Ces méthodes permettaient un tracé rapide, et toujours établi d’après un même principe pour chaque édifice. C’est qu’en effet les architectes qui tentent aujourd’hui d’élever des constructions suivant le mode dit gothique, s’ils veulent (comme cela se pratique habituellement) suivre leur sentiment, composer sans l’aide d’une méthode géométrique, se trouvent bientôt acculés à des difficultés innombrables. Ne sachant sur quelles bases opérer, ils procèdent par une suite de tâtonnements, sans jamais rencontrer, soit des proportions heureuses, soit des conditions de stabilité rassurantes. Il est certain que si les maîtres du moyen âge avaient composé ainsi dans le vague, sans méthodes fixes, non-seulement ils n’auraient jamais pu trouver le temps de construire un aussi grand nombre de monuments, mais encore ils n’auraient point obtenu cette parfaite unité d’aspect qui nous charme et nous surprend encore aujourd’hui.
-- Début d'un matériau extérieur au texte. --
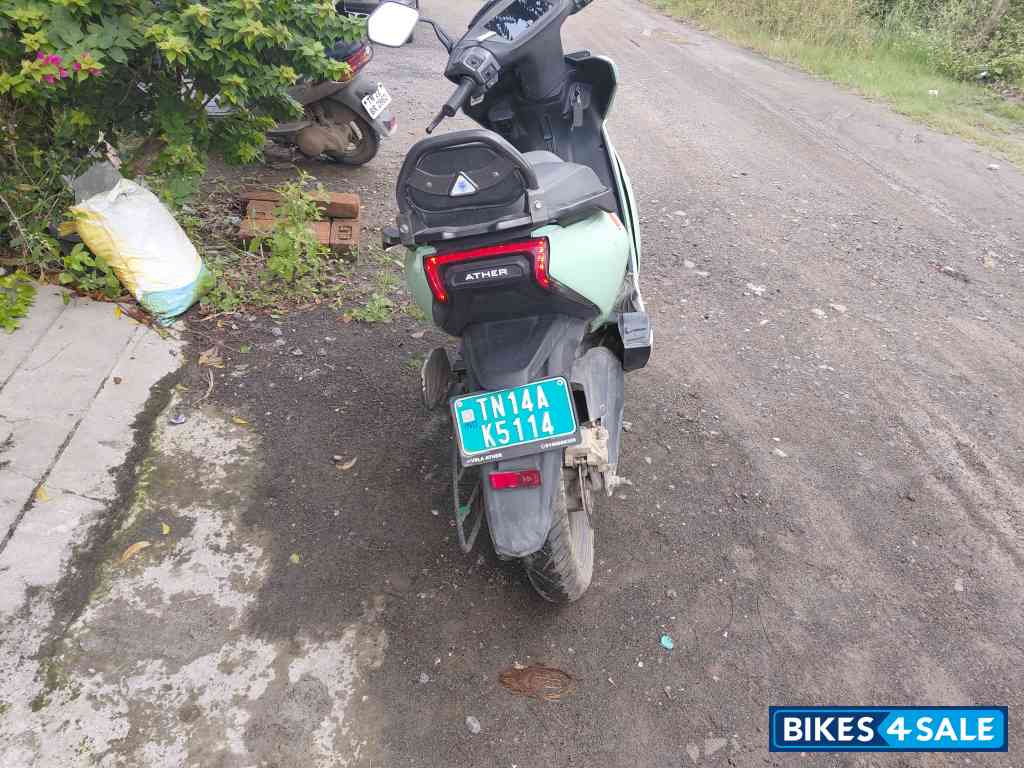 Ather 450X
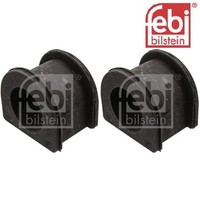 2X Lagerung FüR Stabilisator Febi Bilstein 42364 Stabilager Gummilager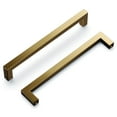 thumbnail image 1 of Belwith BWHH075329 CBZ 160 mm Center-to-Center Skylight Cabinet Pull - Champagne Bronze, 1 of 7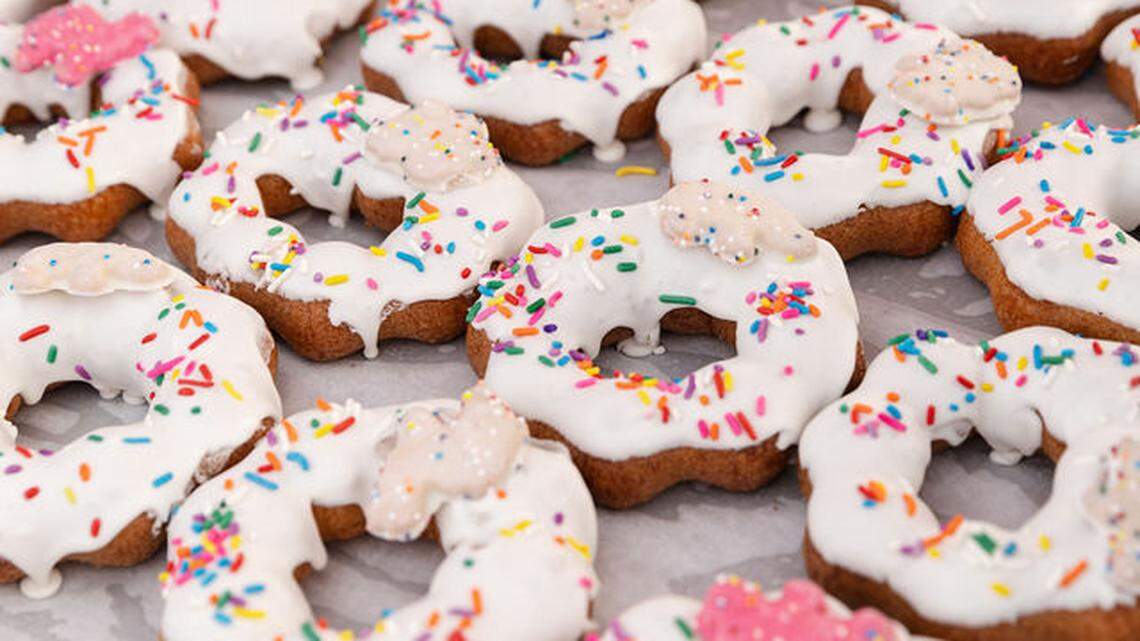 New donut shop opens in downtown Olympia with Japanese-style pastries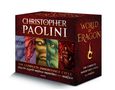 Christopher Paolini: World of Eragon 5-Book Paperback Boxed Set, Buch, Buch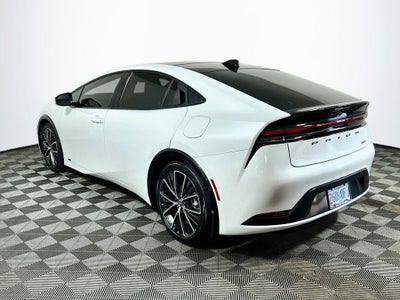 2024 Toyota Prius XLE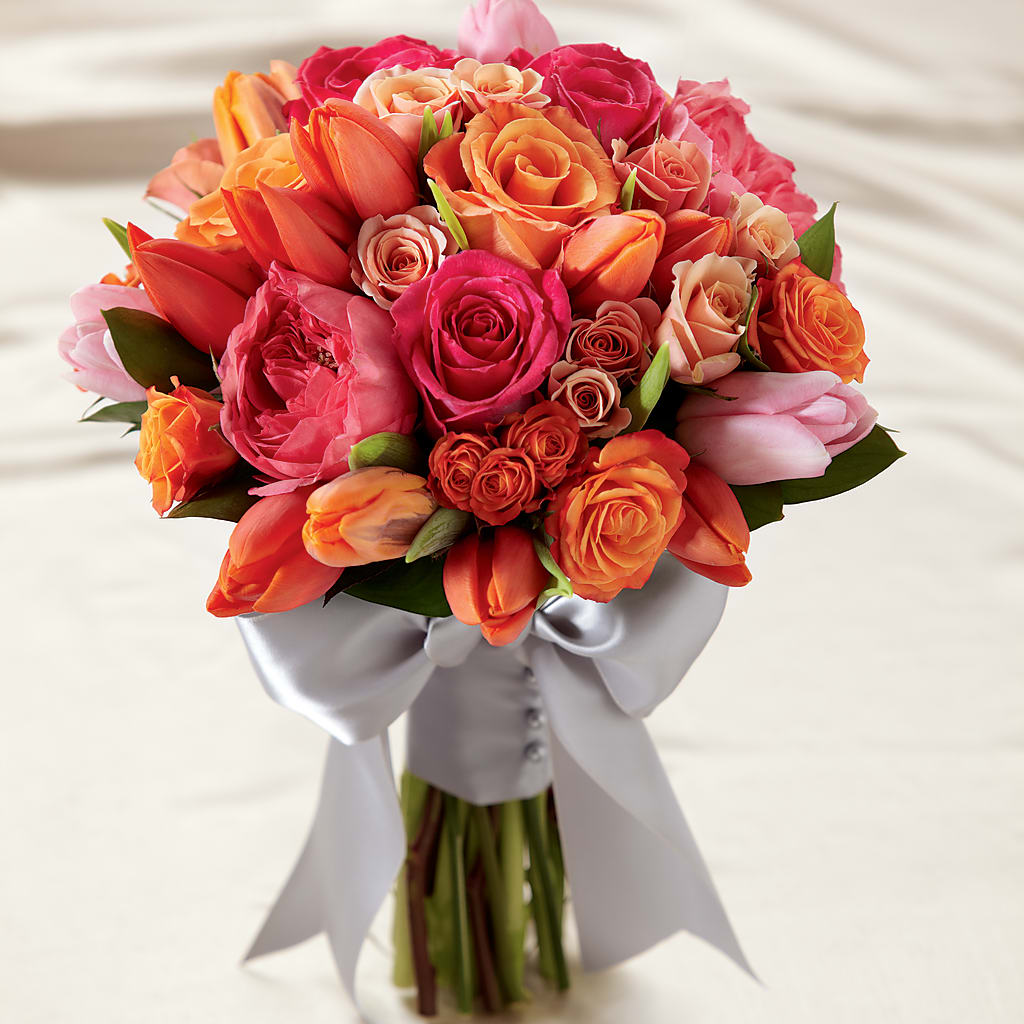 Sunset Dream Bouquet – Abc Florist, Mullens WV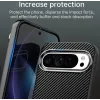 Phonesta IMD Carbon Fiber Back Cover hoesje voor Google Pixel 9 / 9 Pro - Zwart 7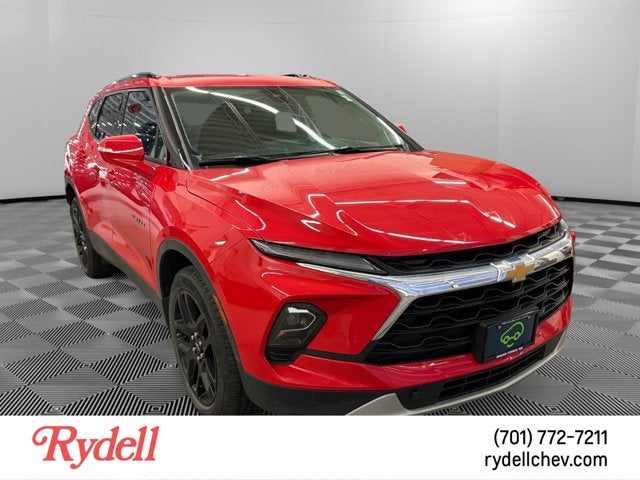 2024 Chevrolet Blazer LT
Au contraire, partant de ce principe de la mise en place et en proportion par le moyen des triangles, ils pouvaient très-rapidement établir les grandes lignes générales avec la certitude que les proportions se déduisaient d’elles-mêmes, et que les lois de la stabilité étaient satisfaites. Ce n’est pas à dire, cependant, que le sentiment de l’artiste ne dût intervenir, car on pouvait appliquer ces méthodes suivant des combinaisons variées à l’infini. La sainte Chapelle de Paris, la cathédrale d’Amiens, sont évidemment tracées par des artistes d’une valeur peu commune ; mais, à côté de ces monuments, il en est d’autres d’où le principe de l’emploi des triangles, bien qu’admis, ne l’a été qu’imparfaitement, et où, par suite, les proportions obtenues sont vicieuses. Nous en avons un exemple frappant dans le tracé de la cathédrale de Bourges. Ce grand monument, qui présente de si belles parties, un plan si largement conçu, donne en coupe, et par conséquent à l’intérieur, des proportions disgracieuses par l’oubli d’une des conditions de son tracé même.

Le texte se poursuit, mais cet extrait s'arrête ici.